Erdoğan, partisine açılan davanın sonuçlanması ve Refah’ın
kapatılmasıyla birlikte, yine aynı geleneğin devamı olan Fazilet
Partisi’ne geçti. Ancak Erdoğan’ın bu partideki ömrü uzun
sürmedi. Diyarbakır DGM, Erdoğan hakkında DGM'ce TCK'nın
312. maddesine göre "Halkı sınıf, din, ırk, mezhep veya
bölge farklılığı gözeterek kin ve düşmanlığa açıkça tahrik
etmek" suçunu işlediği gerekçesiyle açtığı davayı
sonuçlandırdı ve 10 ay hapis cezasına çarptırdı. Recep
Tayyip Erdoğan'ın 10 aylık mahkumiyet kararı Yargıtay tarafından 23
Eylül 1998'te Yargıtay tarafından onaylandı.
Erdoğan
ceza aldığını bir açılış töreninde dönemin
Kent TV Muhabiri barış Yarkadaş'tan öğrendi.

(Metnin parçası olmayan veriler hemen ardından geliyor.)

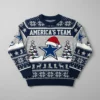 Cowboys Americas Team Lone Star Holiday Ugly Christmas Sweater - Front View Main Mockup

O gün İstanbul Topkapı'da bir üstgeçidin açılışın yapan Tayyip
Erdoğan, tören bittikten sonra, gazetecilerin sorularını yanıtlamak
için kürsüden indi. Gazeteciler çeşitli sorular sordu.
CEZAYI ÖĞRENDİĞİ AN!
Kent TV Muhabiri Barış Yarkadaş ise, Tayyip Erdoğan'ın
hemen yanıbaşında duruyordu. Yarkadaş, başkana, "Sayın
Erdoğan, Siirt'te yaptığınız konuşmayla ilgili olarak süren dava,
Yargıtay'da onaylandı. Cezanız kesinleşti. Elimde tutttuğum belgede
bu yazıyor" dedi.
Ortam birdenbire değişti. Tayyip Erdoğan, Yarkadaş'a,
"Bakabilir miyim?" diye sordu. Yarkadaş, elindeki
belgeyi Erdoğan'a verdi. Başkan yazıyı okuduktan sonra, "Bu
bende kalabilir mi?" diye sordu.
Kent TV Muhabiri Yarkadaş, "Tabii ki kalabilir. Ama
düşüncelerinizi de öğrenmek istiyoruz" dedi. Erdoğan, hiç
beklemediği bir anda gelen bu haberle, adeta şoka uğramıştı.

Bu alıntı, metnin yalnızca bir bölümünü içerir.